Right before Omar died, shot by that little dirt sack Kenard (who also was torturing a cat in this episode, that dog!), he bellowed on the corner that ”Marlo Stanfield is not a man for this town! You dig?” Well, Omar, with his strange, steely code of honor and elusive Robin Hood identity, apparently isn’t a man for modern-day Baltimore either. He hit the tile after buying a soft pack of Newports, Kenard’s chubby little wrist wobbling under the weight of his gun. That was it. Omar didn’t meet a glorious end, with his guns blazing and trench coat fluttering in the wind. He died like most of the people on The Wire, suddenly and without a lot of witnesses. The Sun scratched a story about his death, and in the cruelest turn, the morgue even switched up his body tag. After that leap into the night out the balcony window, after his ”Spider-Man s—,” Omar died a brutally banal death. And, sadly, it was the right way for the favorite character of so many Wire fans to go out.

Omar was too cool to ever confuse himself with a superhero. McNulty, on the other hand, continues to suffer mightily from his swollen ego and misguided righteousness. In what might have been my favorite line of the entire season — thank you, crime master Dennis Lehane! — McNulty fessed up to a furious Beadie that he had cooked up the whole serial-killer mess and knew he was bound to get buried in the hole he was digging. ”You start to tell a story,” he sputtered, ”you think you’re the hero, and then you get done talking…” I’ve had some real misgivings about this truncated season. I’m sure part of my concern is wondering how it could live up to the months-long heart attack of season 4. More than that though, the serial-killer angle seemed to stray dangerously close to limp sensationalism. However much everyone’s in on the joke, the plotline never grabbed me by the throat. So to see McNulty last night exhale his confession, defeated by his own hubris, seemed a welcome return to the show’s street-weary roots.

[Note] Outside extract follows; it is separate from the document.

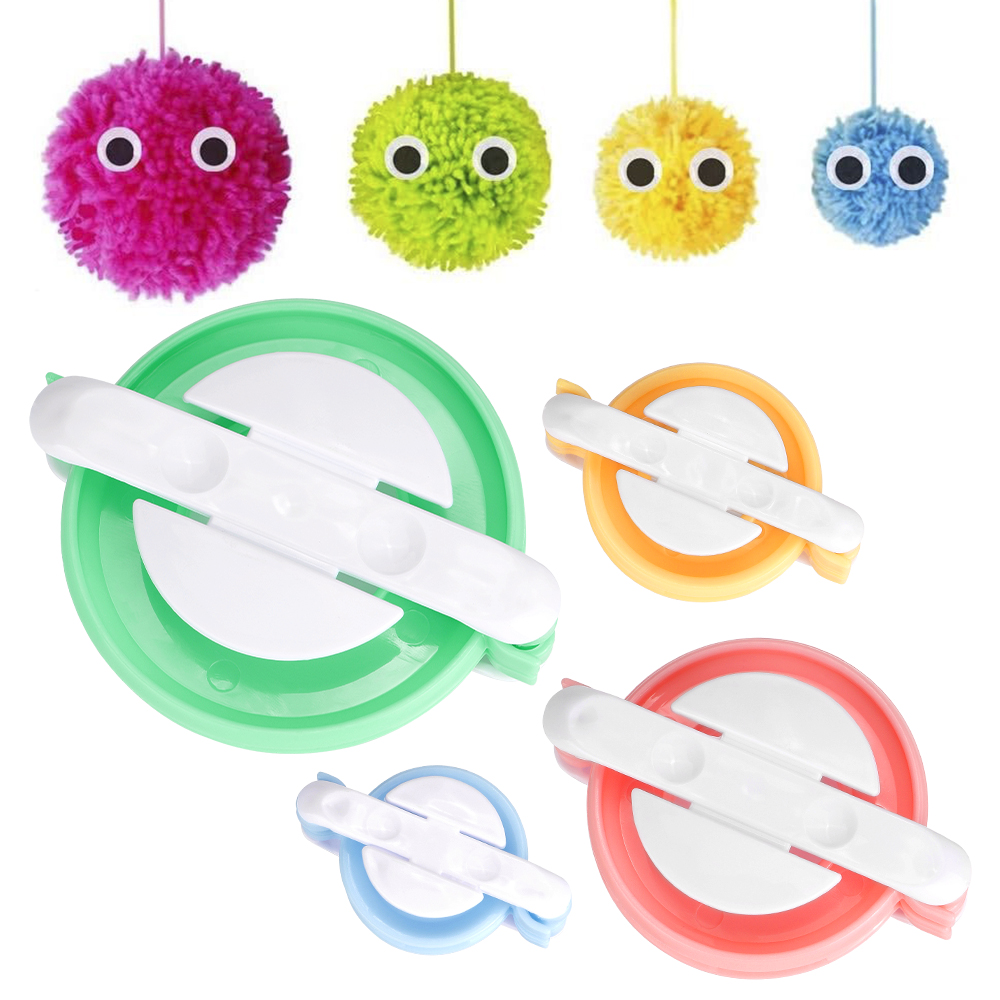 DIY Knitted Pom-Pom Maker Plus – Pom Pom Maker Tool recenzja i cena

Earlier this season the man whined about how Marlo doesn’t get to win, they do. But just as Omar couldn’t bring the kingpin down with simple honor and incredible drive, it’s not looking like McNulty will be the one standing at the end of this showdown. The man is screwed, and last night he sounded like he was coming down from one bear of a manic episode. And hearing those Quantico boobs nail him so effortlessly in their psychological profile — a high-functioning alcoholic with a major beef with authority — further punctured his bloviated shield of invincibility.

My question, though, is how can this all pan out? Is our favorite lug seriously going to get busted? His unraveling has been so fast and furious that the idea of him wilting in jail or drunk and depressed in some gutter or worse just seems half baked. But that line of his, about not understanding how he started a hero and ended up the jackass, helps make this whole story line resonate a little deeper. And Beadie was right when she warned her wayward man that in the end, all there is for you is family, that and a few friends who might as well be family. McNulty has shredded just about any respect Kima and Bunk might have had for him, but damn, they do still love him. (Crap, me too.)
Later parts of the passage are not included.